はふん、と溜息を一つ、近付いてくる砦の光景に来る前に聞いた事への期待に胸を膨らませてはいたが…
「………して、この状況は何じゃろうか?」
聞いた話では、このタナール砦で色々と騒動が起きているそうな。
詳細までは聞いて無いが、この最近の暇っぷりを考えれば十分な刺激となる…はずだった。
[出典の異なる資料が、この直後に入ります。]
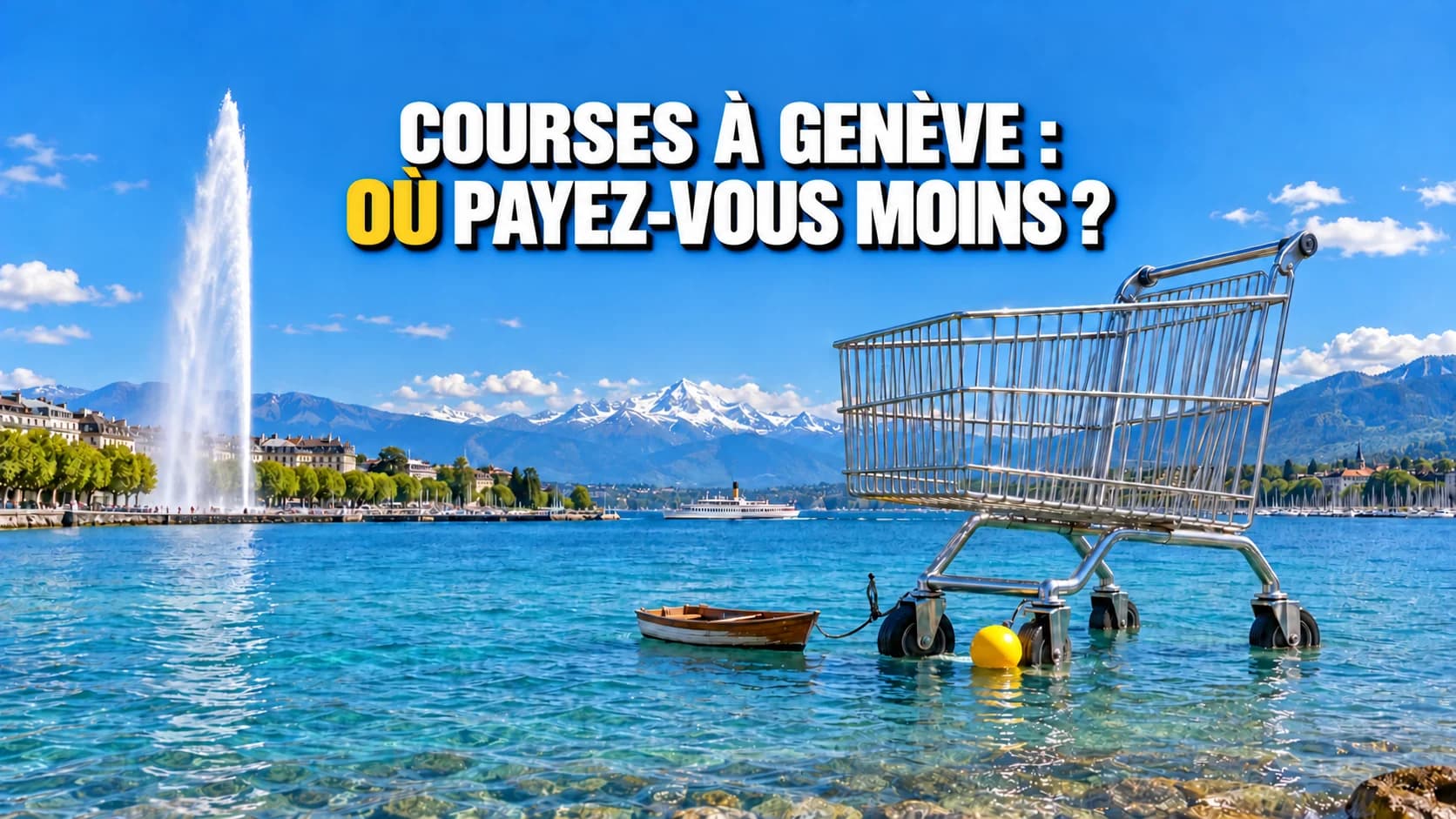 Chariot de courses géant dans les eaux peu profondes du Léman, devant le Jet d’eau.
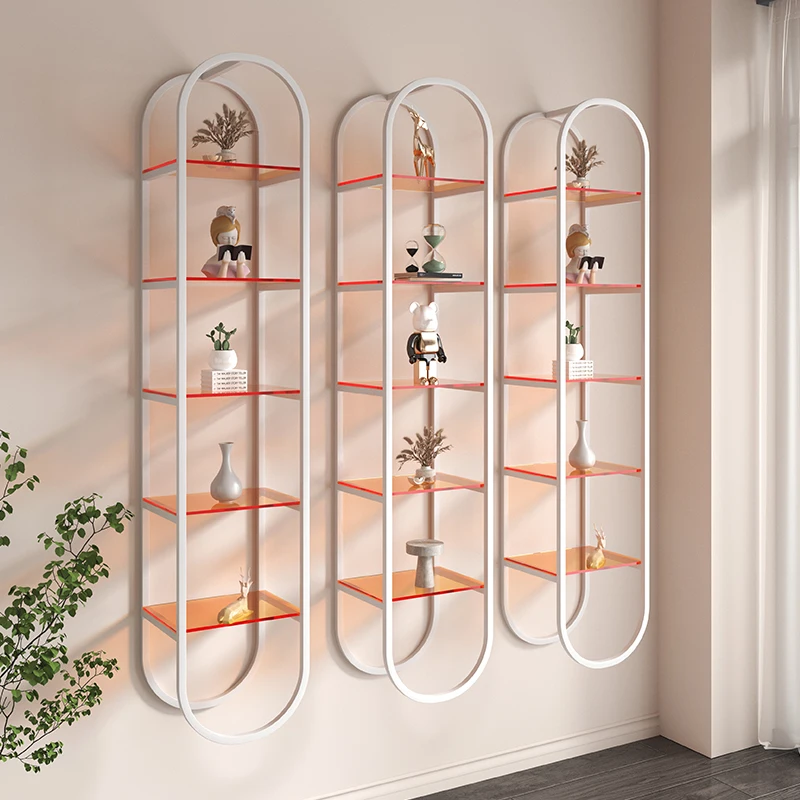 

clothing store display rack, wrought iron simple shelf on the wall, floor jewelry cabinet, shoe store acrylic shoe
が、うん、見事な程に何事もない光景が少女の前に広がる。
期待した、攻める守るの攻防さえ、一切無い。
まぁ、何事もない方が素通りが出来て楽ってのは、あるにはある。
しかし、期待外れの状況に落胆する己も居た。
■タマモ > 『やっと戻ったな、馬鹿狐』
そんな肩を落とす少女の隣、そこに気が付けば一人の男。
黒装束に、鴉の嘴を象った仮面を被っている。
「何じゃ、馬鹿鴉か…ここまで来ても姿を現わさんかったから、何事かと考えておったぞ?ん?」
驚いた風も無く、少女は男へと言葉を掛ける。
『主が離れていた間に、大きな変化があったのだが…その様子では気付いてないか。
キルフリートに向かった第七師団が大敗し撤退、主のお気に入りだった二人の内一人は死んだようだ。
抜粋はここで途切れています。